The "Gift of Faith" God has given all of us was reinforced in talks, Masses and devotions of the Eucharistic Congress. The quadrennial gathering, which moves from country to country, is a worldwide public witness to the gift Jesus has given the Church in the Sacrament of His Body and Blood, the Sacrament of the Holy Eucharist.
I found the celebrations of the liturgy there particularly moving, aided by extremely well prepared and reverent sacred music. I was so impressed by a choir of university students that I immediately invited them to visit Oakland and sing in our cathedral. (Stay tuned.)
On one evening we were invited to join a local Cebu parish for Mass. More than 1,000 local parishioners showed up to greet the Diocese of Oakland pilgrims.
We were treated to costumed youth dancers who lined up to perform for us as we arrived, and then hosted us to a barbecue roasted pig dinner.

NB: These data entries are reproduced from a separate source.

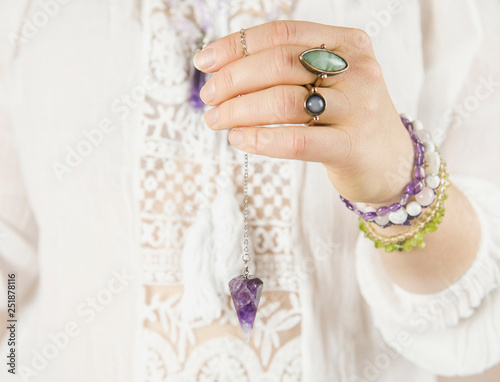 Quadro em tela Spiritual healer using purple natural Amethyst crystal quartz pendulum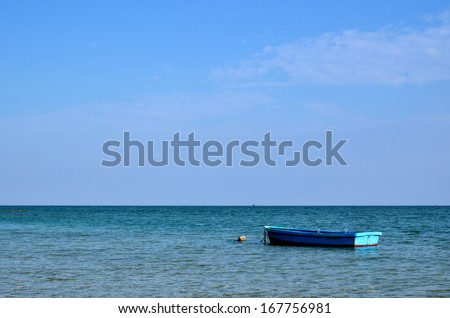 Blue boat at the western coast of the japanese island Okinawa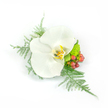 A quietly radiant white Phalaenopsis corsage photographed against a pristine white background so every tactile detail reads clearly. The central orchid is satiny and moon-white, its broad, waxy petals unfolding in a composed, symmetrical face; a gentle flush of buttery yellow and faint gold tones nestles in the throat, giving the blossom a warm, intimate centre. Fine sprays of asparagus fern fan out like soft tulle, their feathery, pale-green filaments drifting to the left and curling down toward the right, lending an airy, weightless motion. Nearby, compact clusters of glossy reddish-pink hypericum berries punctuate the composition with a tender, garden-fresh pop while a little lime-green chrysanthemum or textured filler sits close to the base, offering a crisp, verdant contrast. The arrangement is compact but cleverly asymmetrical-balanced so it can be pinned to a lapel or worn on the wrist without feeling rigid-an accessory that reads both refined and approachable. Light in the photo is soft and even, picking up the orchid's satin sheen and the fern's delicate shadow, creating a fresh, almost dewy impression as if assembled in the cool of an early morning. The overall mood is serene and celebratory, suitable for a wedding, prom, or any formal moment where understated luxury matters. A local Stanmore florist would describe this as a piece that feels at home near Canons Park or the village's High Street-an emblem of simple elegance crafted to be felt as much as seen, with the faint green scent of foliage and the orchid's smoothness inviting a tender, remembered touch.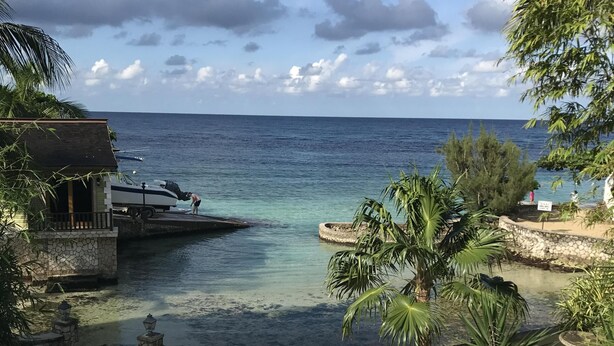 En pool med klart vatten, utsikt över havet och en liten brygga med en båt.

Two of our Oakland delegates, members of the Confraternity of Eucharistic Devotion (CEDDO), gave a moving testimony a "faith sharing" to the whole congregation after Mass. I hope some day we can publish Glenda Dubsky and Romy Cabrera's very edifying accounts of how Jesus Christ and the Holy Eucharist changed their lives.
On the back of my priestly ordination card in 1985 I chose as my scripture "Thanks be to God for his inexpressible gift" (2 Cor 9:15). Thanks be to God for the inexpressible gift of Jesus Christ in the Sacrament of the Eucharist. Thanks be to God for the gift of witness to the Catholic Faith provided by our loyal Filipino parishioners.